Cancer can't be cured because it isn't 1 thing. And animal testing regardless of the benefit humans may receive is morally wrong.
And animal testing regardless of the benefit humans may receive is morally wrong.
You can say whatever you want, but just because you feel it really hard doesnt mean it will be convincing to other people.
In this particular case, I think animal testing is moral as fuck, because why in the fuck would I possibly value animal lives even close to that of a human or myself.
There are many types of cancer with very high remission rates after treatment.
Treatment isn't a cure.
Otoh, mice have never been healthier.
Nobody tell him what happens to the mice afterwards.
They go live on a farm to live out the rest of their happy mousey days.
As fertilizer.
Also who is out there making sure all of these incredible discoveries are accessible to mice more broadly, outside the labs?
This IS happening, right?
I wonder if we could one day grow miniature human bodies (not conscious ones) to use for these tests. Mice are a lot different to humans.
This is one of the reasons why animal testing is not worth the torture the animals go through
In the long run, using mice to test human medicines will result in selection pressure for humans whose physiology more and more closely resembles mice.
they use a lot of other things… including living human cancer cells in a petri dish
So we will become cancer
I believe the vast majority of cultivated human cells are cancerous cells anyway.
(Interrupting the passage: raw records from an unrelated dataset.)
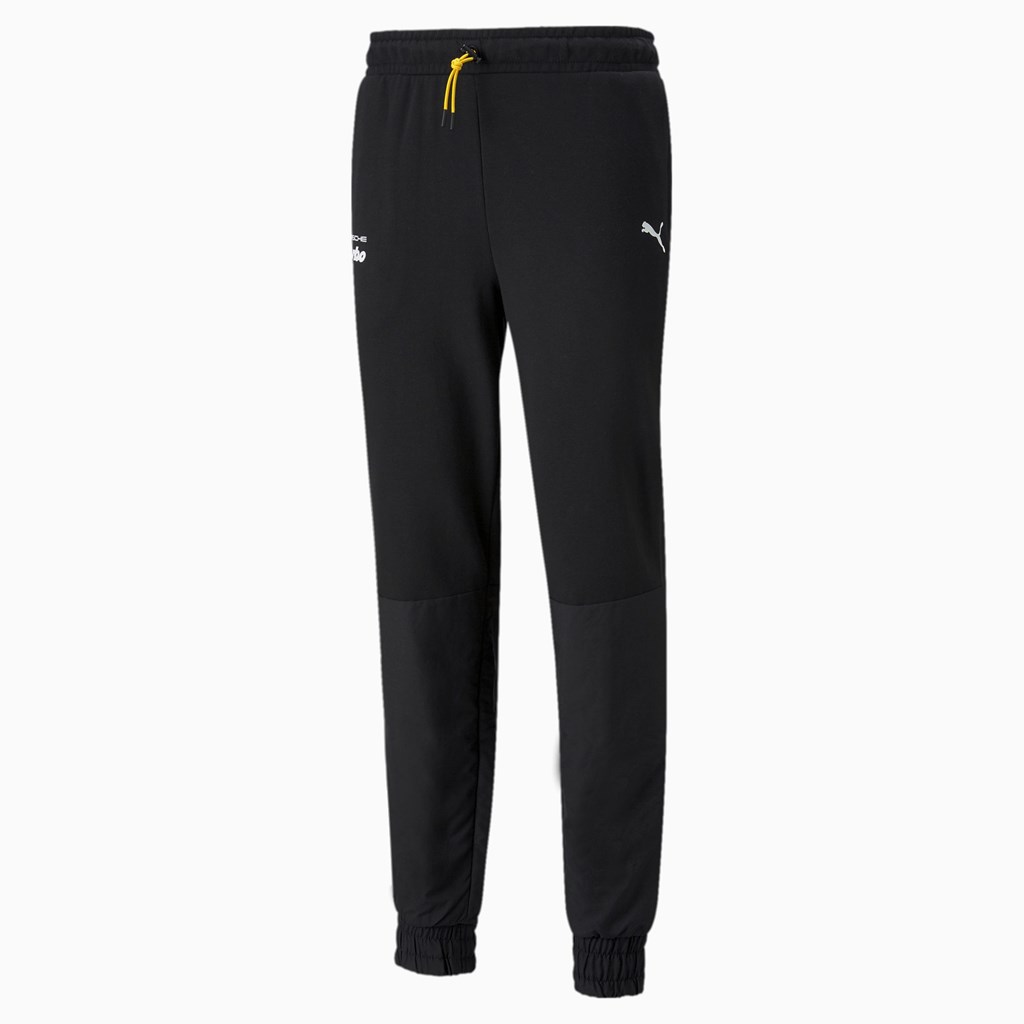 Sweatpants Puma Porsche Legacy Homme Noir | NBEFA0169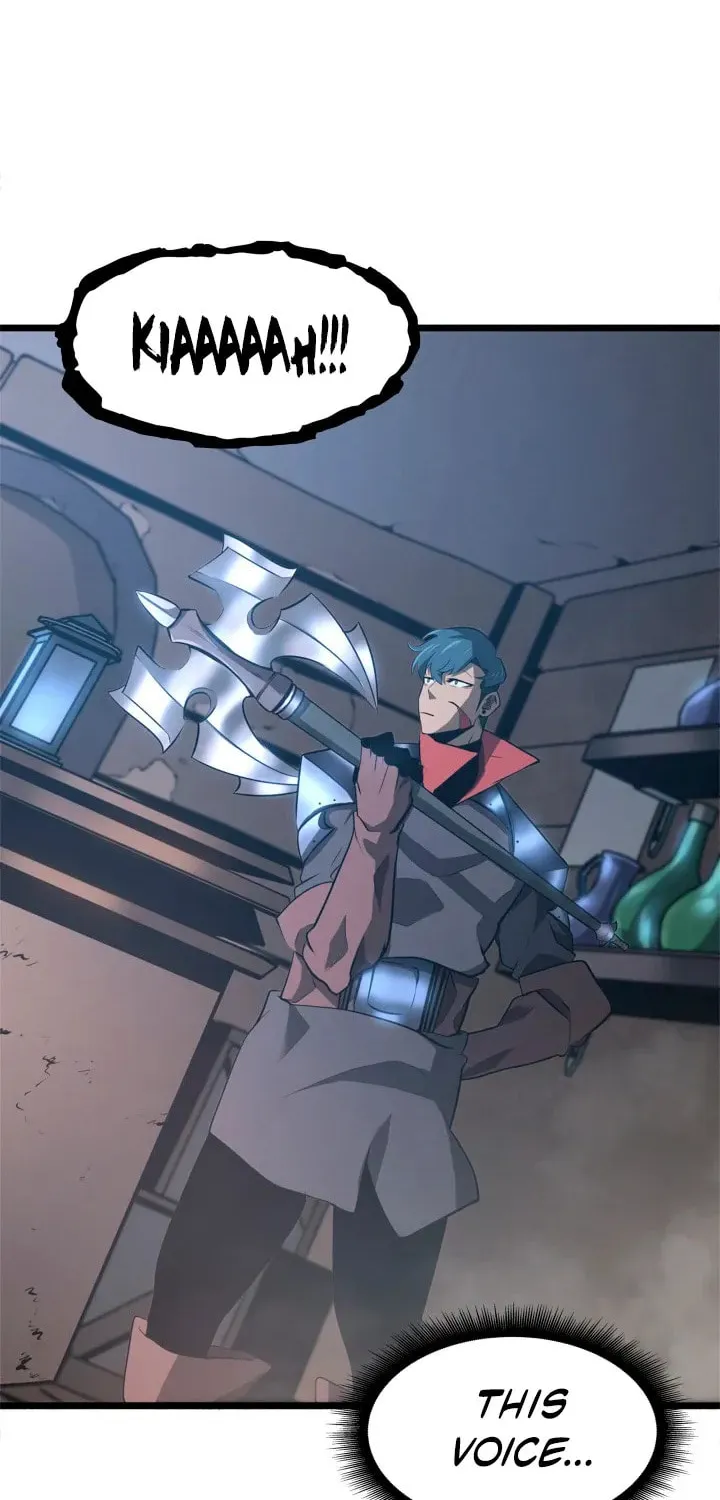 The SSS-Ranker Returns Chapter 3 page 55 - 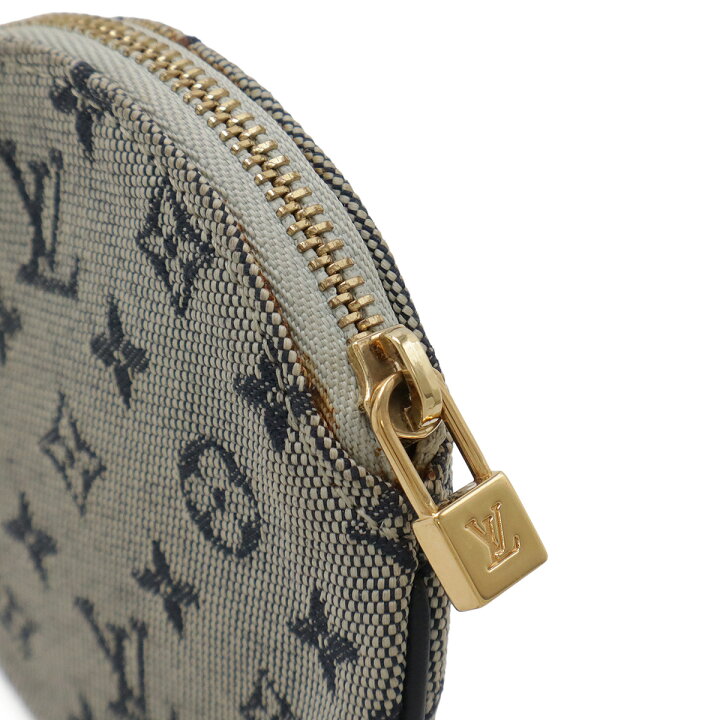 楽天市場】LOUIS VUITTON ルイ ヴィトン モノグラムミニ ポルト モネ 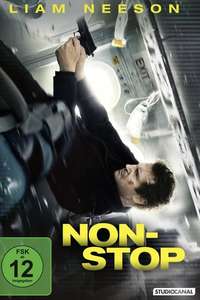 Non-Stop - Poster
https://en.wikipedia.org/wiki/Henrietta_Lacks
i love this idea let's become mice
they are widely known to be the smartest creatures on earth, followed by dolphins, and then us
No, we will become monke
That's not how evolution works though
Assuming that
can’t you plug that straight into the Price equation?
No! We will be crab! Everything becomes crab!
Mice live 9 months in the wild, and have a resting heart rate of 500-700 bpm. That's a lot of cardio.